Yargıtay Kararı 15. Ceza Dairesi 2012/20375 E. 2014/5531 K. 25.03.2014 T.

YARGITAY KARARI
DAİRE : 15. Ceza Dairesi
ESAS NO : 2012/20375
KARAR NO : 2014/5531
KARAR TARİHİ : 25.03.2014

Tebliğname No : 15 – 2012/50019
MAHKEMESİ : Zonguldak 2. Ağır Ceza Mahkemesi
TARİHİ : 20/09/2011
NUMARASI : 2010/49 (E) ve 2011/152 (K)
SUÇ : Nitelikli dolandırıcılık

Dosya incelenerek gereği düşünüldü;
Dolandırıcılık suçunun oluşabilmesi için; failin bir kimseyi, kandırabilecek nitelikte hileli davranışlarla hataya düşürüp, onun veya başkasının zararına, kendisine veya başkasına yarar sağlaması gerekmektedir. Hile nitelikli bir yalandır. Fail tarafından yapılan hileli davranış belli oranda ağır, yoğun ve ustaca olmalı, sergileniş açısından mağdurun inceleme olanağını ortadan kaldıracak nitelikte bir takım hareketler olmalıdır. Kullanılan hileli davranışlarla mağdur yanılgıya düşürülmeli ve bu yanıltma sonucu yalanlara inanan mağdur tarafından sanık veya bir başkasına haksız çıkar sağlanmalıdır. Hilenin kandırıcı nitelikte olup olmadığı olaysal olarak değerlendirilmeli, olayın özelliği, fiille olan ilişkisi, mağdurun durumu, kullanılmışsa gizlenen veya değiştirilen belgenin nitelikleri ayrı ayrı nazara alınmalıdır.
5237 sayılı TCK’nın 158/1-j bendinde, dolandırıcılık suçunun, Banka veya diğer kredi kurumlarınca tahsis edilmemesi gereken bir kredinin açılmasını sağlamak maksadıyla, işlenmesi, nitelikli hal olarak kabul edilmiştir.
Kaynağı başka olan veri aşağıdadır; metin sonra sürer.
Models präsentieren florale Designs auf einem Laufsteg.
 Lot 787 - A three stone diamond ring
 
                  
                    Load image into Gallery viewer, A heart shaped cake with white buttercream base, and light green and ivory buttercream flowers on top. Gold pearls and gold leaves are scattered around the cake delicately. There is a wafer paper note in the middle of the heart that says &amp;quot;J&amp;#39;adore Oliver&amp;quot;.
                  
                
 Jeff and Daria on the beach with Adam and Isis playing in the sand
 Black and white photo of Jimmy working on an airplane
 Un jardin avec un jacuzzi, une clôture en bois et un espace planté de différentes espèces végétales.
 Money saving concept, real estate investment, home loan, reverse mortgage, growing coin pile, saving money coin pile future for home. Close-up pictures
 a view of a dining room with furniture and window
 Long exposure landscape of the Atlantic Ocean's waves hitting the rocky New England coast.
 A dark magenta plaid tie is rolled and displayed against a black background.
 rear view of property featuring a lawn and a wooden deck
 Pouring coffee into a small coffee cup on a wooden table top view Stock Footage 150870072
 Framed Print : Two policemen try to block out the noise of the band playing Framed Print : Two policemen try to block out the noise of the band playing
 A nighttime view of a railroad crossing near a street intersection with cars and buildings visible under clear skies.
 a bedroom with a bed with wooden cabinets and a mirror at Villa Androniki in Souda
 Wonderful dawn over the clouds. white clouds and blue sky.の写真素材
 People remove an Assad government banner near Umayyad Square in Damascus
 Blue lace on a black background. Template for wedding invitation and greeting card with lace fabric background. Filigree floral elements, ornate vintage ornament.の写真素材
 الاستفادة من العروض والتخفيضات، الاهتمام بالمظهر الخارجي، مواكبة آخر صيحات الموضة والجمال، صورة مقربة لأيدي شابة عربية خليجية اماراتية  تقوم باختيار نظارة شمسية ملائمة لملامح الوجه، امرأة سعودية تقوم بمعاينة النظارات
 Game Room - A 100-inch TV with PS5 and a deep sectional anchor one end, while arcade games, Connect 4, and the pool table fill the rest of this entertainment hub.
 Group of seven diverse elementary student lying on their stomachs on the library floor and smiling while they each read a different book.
Bu suçun oluşabilmesi için, Kredi elde eden kişinin banka veya diğer kredi kurumu görevlilerini hile ile aldatmış olması gerekir. Krediyi alan kişinin aldatıcı herhangi bir eylemi olmaksızın, sırf banka elemanlarının kendi görevlerini layıkıyla yerine getirmemeleri yüzünden bir kredi açılmışsa, dolandırıcılıktan bahsedilemez, şartları varsa bankacılık suçundan bahsedilebilir.
Bu suçun mağdurları banka ve diğer kredi kurumlarıdır.5411 sayılı “Bankacılık Kanununun 3. maddesinde banka,48. maddesinde ise kredinin tanımı yapılmıştır. Tahsis edilmemesi gereken bir kredinin açılmasını sağlama suçun konusudur. Kredinin tahsis edilmesinin gerekli olup olmadığı, kredi verecek kuruluşun mevzuatında öngörülen düzenlemeler çerçevesinde belirlenir. Fiil, sahte kıymet takdiri raporları veya gerçeğe aykırı belgeler, bilançolar düzenleyerek hileli davranışıyla bunları aldatmaktadır.
Kredi kurumu banka olmamasına karşın faiz karşılığında olsun veya olmasın, kanunen borç vermeye yetkili kılınan kurumlar anlaşılır. Bu itibarla böyle bir yetkiye sahip olmayan bir kişi veya kuruluşa karşı bu fiilin işlenmesi hâlinde koşulları varsa, basit dolandırıcılık suçu söz konusu olacaktır.
Sanık H.. S..’ın, D.. Yapı Kredi Bankası Şubesinden kendisine kredi tahsisini sağlamak için; M.. A..S.., R.. Ö.., H.. S.. ve O.. U.. isimli şahıslar adına sahteliği tespit edilen muhtelif keşide tarihli ve bedelli bonolar tanzim ederek 05/04/2007, 26/04/2007 ve 17/08/2007 tarihlerinde aldığı krediler için teminat olarak verdiği ve bu suretle kendisine verilmemesi gereken kredinin tahsisini sağladığı iddia edilen olayda; Y.. K..Bankası A.Ş D.. Şubesinin 09/03/2011 tarih ve 304 sayılı yazı cevabında, suça konu alınan kredi senetlerinin kredinin kullandırılması için teminat olarak alındığı, bu senetler verilmemiş olması halinde kredinin kullandırılmayacağı belirtilmiş olması, sanık hakkındaki icra takip dosyaları ve İcra Hukuk Mahkemeleri kararları ve tüm dosya içeriği dikkate alındığında, sanığın üzerine atılı dolandırıcılık suçunun unsurları itibariyle oluştuğu gözetilmeden, mahkumiyeti yerine yazılı şekilde beraatine karar verilmesi,
Bozmayı gerektirmiş, o yer Cumhuriyet savcısının temyiz itirazları bu itibarla yerinde görülmüş olduğundan, hükmün bu sebepten dolayı 5320 sayılı Kanun’un 8/1. maddesi gereğince uygulanması gereken 1412 sayılı CMUK’nın 321. maddesi uyarınca BOZULMASINA, 25/03/2014 tarihinde oybirliğiyle karar verildi.